» TASK REQUIREMENTS
Retype word for word the stretch of entries below from the line that has "Lilly Pulitzer Women’s" through the line that has "Alba Maxi Blue Dress", and omit the pictures.

» MATERIAL SHOWN
[Start of section]

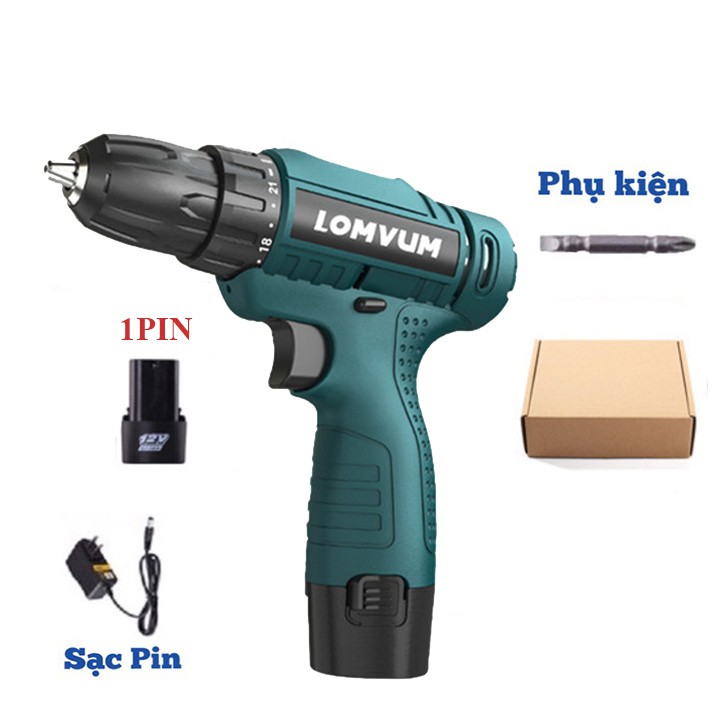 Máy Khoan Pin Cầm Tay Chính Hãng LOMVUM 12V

[End of section]
[Start of section]

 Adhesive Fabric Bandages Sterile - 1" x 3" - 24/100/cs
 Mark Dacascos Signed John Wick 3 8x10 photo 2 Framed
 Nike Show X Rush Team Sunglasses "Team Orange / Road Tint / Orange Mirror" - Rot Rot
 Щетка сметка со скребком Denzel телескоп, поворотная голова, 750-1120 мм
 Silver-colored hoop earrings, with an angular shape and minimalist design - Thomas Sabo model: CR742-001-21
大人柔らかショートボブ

[End of section]
[Start of section]

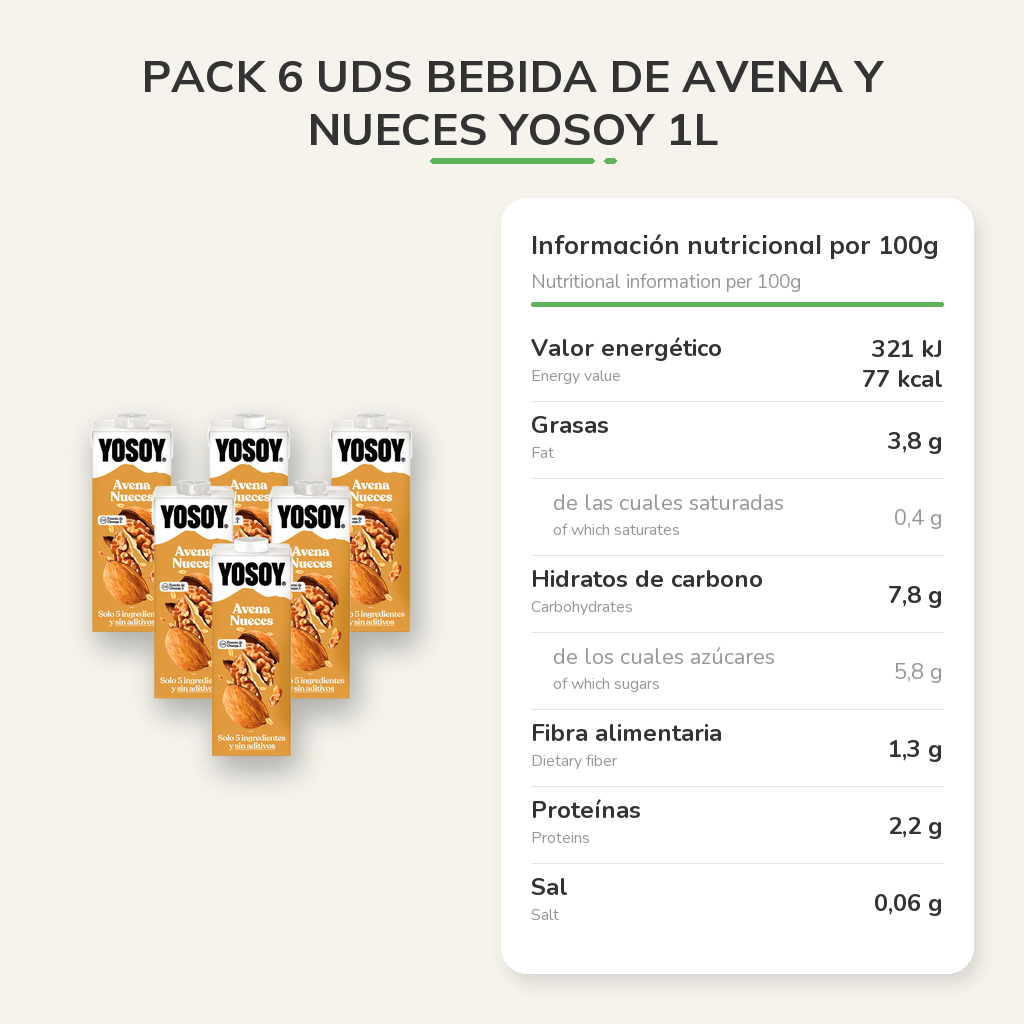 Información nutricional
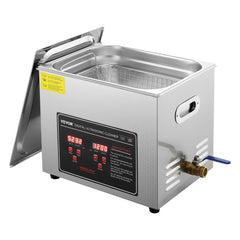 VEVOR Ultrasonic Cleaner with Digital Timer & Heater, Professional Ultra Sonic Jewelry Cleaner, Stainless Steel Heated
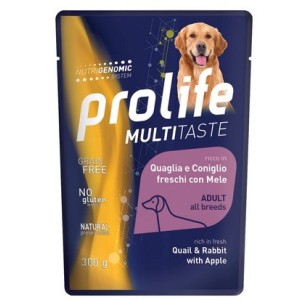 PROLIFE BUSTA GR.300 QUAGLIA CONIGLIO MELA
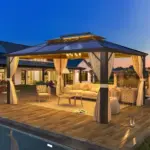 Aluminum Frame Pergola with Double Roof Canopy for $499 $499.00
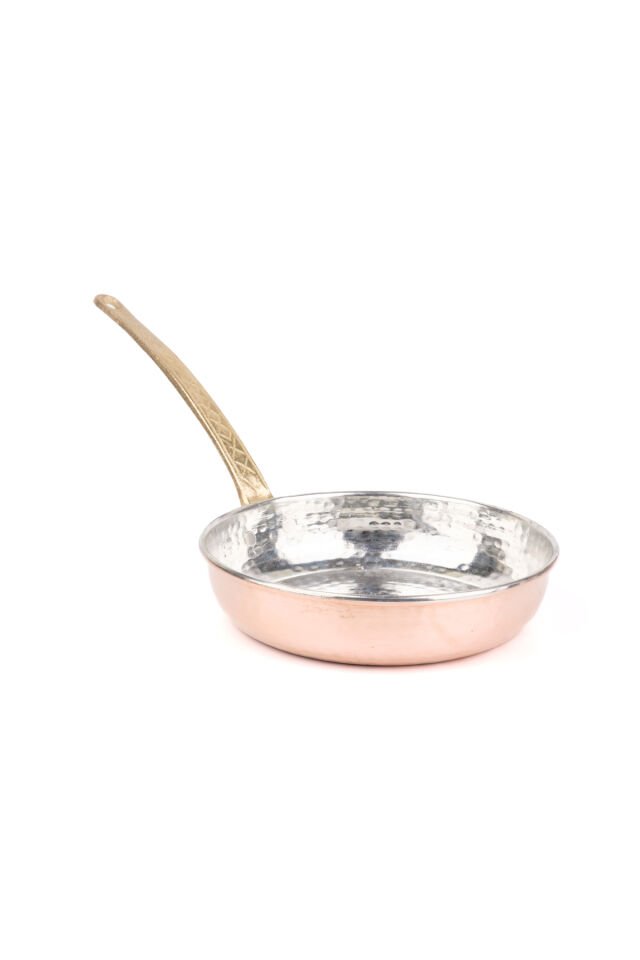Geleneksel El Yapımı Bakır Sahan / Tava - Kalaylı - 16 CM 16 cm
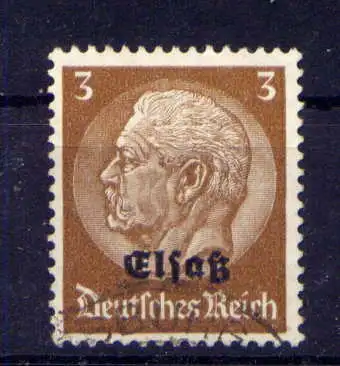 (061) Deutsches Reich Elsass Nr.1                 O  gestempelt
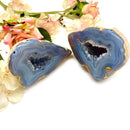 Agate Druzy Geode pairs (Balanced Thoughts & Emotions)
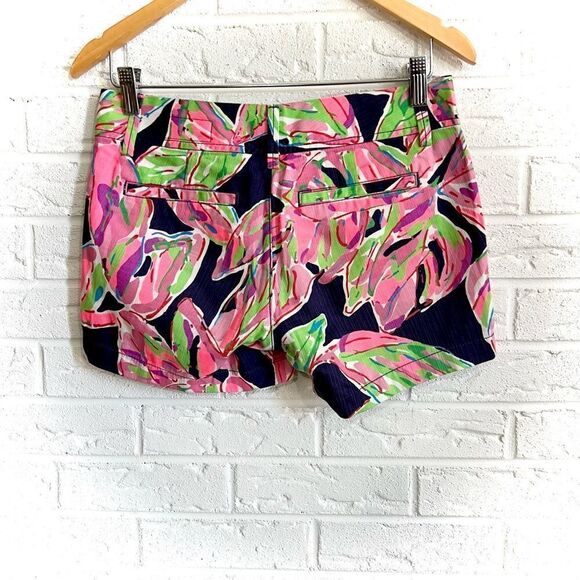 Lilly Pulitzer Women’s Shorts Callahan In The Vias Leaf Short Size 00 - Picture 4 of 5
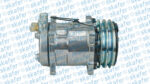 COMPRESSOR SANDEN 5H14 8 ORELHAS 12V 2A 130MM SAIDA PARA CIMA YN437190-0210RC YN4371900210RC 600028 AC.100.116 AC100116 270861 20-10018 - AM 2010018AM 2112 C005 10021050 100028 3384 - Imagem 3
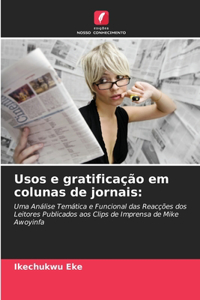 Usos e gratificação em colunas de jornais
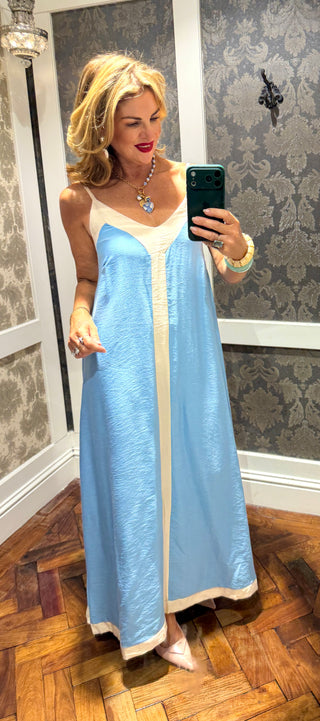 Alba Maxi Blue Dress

[End of section]

» TASK OUTPUT
 Lilly Pulitzer Women’s Shorts Callahan In The Vias Leaf Short Size 00 - Picture 4 of 5
 COMPRESSOR SANDEN 5H14 8 ORELHAS 12V 2A 130MM SAIDA PARA CIMA YN437190-0210RC YN4371900210RC 600028 AC.100.116 AC100116 270861 20-10018 - AM 2010018AM 2112 C005 10021050 100028 3384 - Imagem 3
 Usos e gratificação em colunas de jornais
 Alba Maxi Blue Dress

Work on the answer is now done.